> **What you are asked to do**
What is needed is an exact transcription of every entry below, with the pictures left out.
(Beginning of Entries shown)
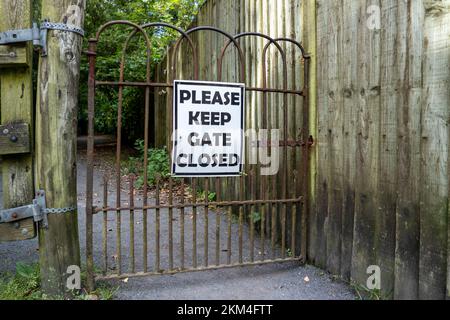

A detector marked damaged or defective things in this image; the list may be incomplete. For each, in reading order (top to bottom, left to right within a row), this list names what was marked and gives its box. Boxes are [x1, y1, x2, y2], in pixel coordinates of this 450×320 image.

rusty iron gate [83, 21, 310, 288]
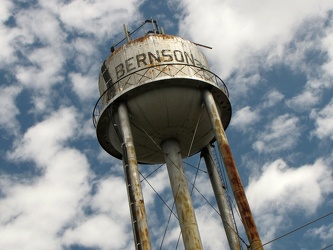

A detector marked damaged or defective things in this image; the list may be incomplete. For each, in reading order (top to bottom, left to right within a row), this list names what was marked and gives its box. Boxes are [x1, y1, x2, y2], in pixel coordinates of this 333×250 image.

rusted metal surface [116, 102, 150, 250]
rusty steel leg [117, 102, 151, 250]
rusty steel leg [161, 140, 202, 249]
rusted metal surface [161, 140, 202, 249]
rusty steel leg [200, 146, 239, 249]
rusted metal surface [201, 146, 240, 249]
rusted metal surface [201, 90, 264, 250]
rusty steel leg [201, 91, 264, 250]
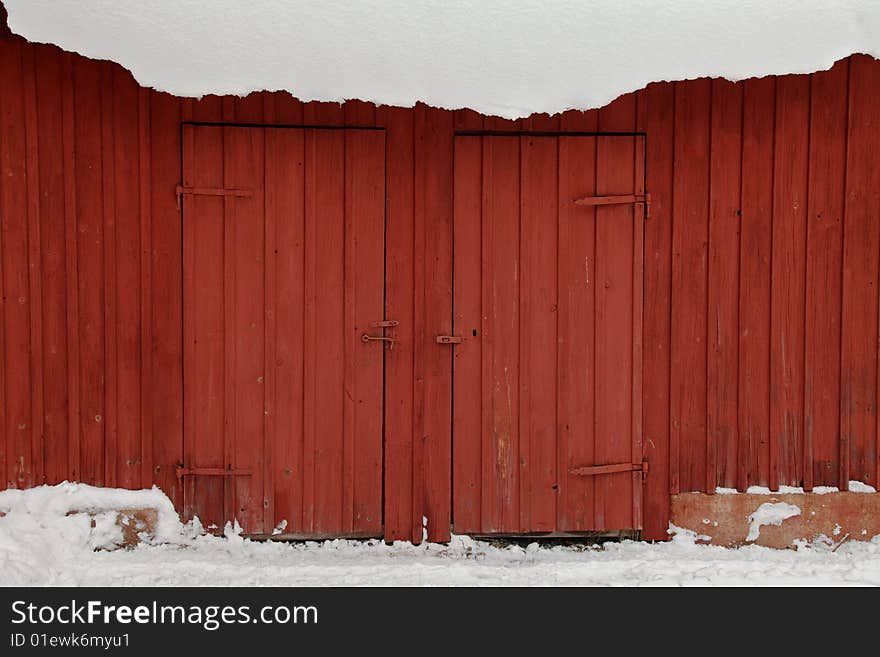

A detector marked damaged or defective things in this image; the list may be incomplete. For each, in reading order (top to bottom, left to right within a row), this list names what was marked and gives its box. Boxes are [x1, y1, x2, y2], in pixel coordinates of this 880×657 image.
(End of Entries shown)
> **Output below**
A detector marked damaged or defective things in this image; the list may be incomplete. For each, in reading order (top to bottom, left to right within a row), this list names what was marked and gives its box. Boxes are [x1, y1, x2, y2], in pixel coordinates of this 450×320 image.

rusty iron gate [83, 21, 310, 288]

A detector marked damaged or defective things in this image; the list may be incomplete. For each, in reading order (top to bottom, left to right within a row), this list names what was marked and gives its box. Boxes are [x1, y1, x2, y2], in pixel coordinates of this 333×250 image.

rusted metal surface [116, 102, 150, 250]
rusty steel leg [117, 102, 151, 250]
rusty steel leg [161, 140, 202, 249]
rusted metal surface [161, 140, 202, 249]
rusty steel leg [200, 146, 239, 249]
rusted metal surface [201, 146, 240, 249]
rusted metal surface [201, 90, 264, 250]
rusty steel leg [201, 91, 264, 250]

A detector marked damaged or defective things in this image; the list may be incomplete. For each, in reading order (top to bottom, left to right within a row), this list names what was marked and gives its box. Boxes are [x1, y1, x2, y2], in pixel coordinates of this 880×657 image.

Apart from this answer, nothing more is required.